What should our omnichannel scorecard look like? What key metrics should be included? What metrics are we missing?

These are some of the questions I often get from retailers.

Retail performance dashboards will most certainly include touchpoint-focused, point-in-time metrics such as online conversion rates. These are valuable measures, but conversion rates alone do not give a complete and accurate picture of overall retail performance.

We are in a world where digital touchpoints are influencing store sales and providing extended aisle sales in-store. Retailers are struggling to keep track of customers interacting, in different ways, across multiple digital and physical touchpoints throughout the customer lifecycle. And at the same time, retailers must realign incentives and goals internally, as teams, functions, and systems must work together in different ways to support new customer outcomes and experiences.

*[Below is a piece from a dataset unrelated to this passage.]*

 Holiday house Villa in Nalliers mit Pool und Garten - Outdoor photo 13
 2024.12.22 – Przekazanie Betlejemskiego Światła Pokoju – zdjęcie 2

To really understand their performance, retailers need to extend their measurement over time, adding longer-term metrics like customer lifetime value to their performance dashboards. Our latest report outlines how retail metrics and measurement must evolve to continue to provide an accurate view of retail performance. Key takeaways from this latest report include:

Take metrics beyond conversion to encompass omnichannel performance. Changes to the traditional retail business model mean you must also change your objectives and definitions of success — and the metrics you use to measure both.

Declutter your metrics dashboards. Take inspiration from Marie Kondo, and ask whether your metrics spark . . . action. Replace metrics that don’t with those that do.

Include long-term, customer-focused, and predictive metrics. Retailers still tend to focus on channel-specific short-term metrics such as channel conversion rather than longer-term indicators like customer lifetime value. Instead, find and monitor metrics that help you predict long-term business health.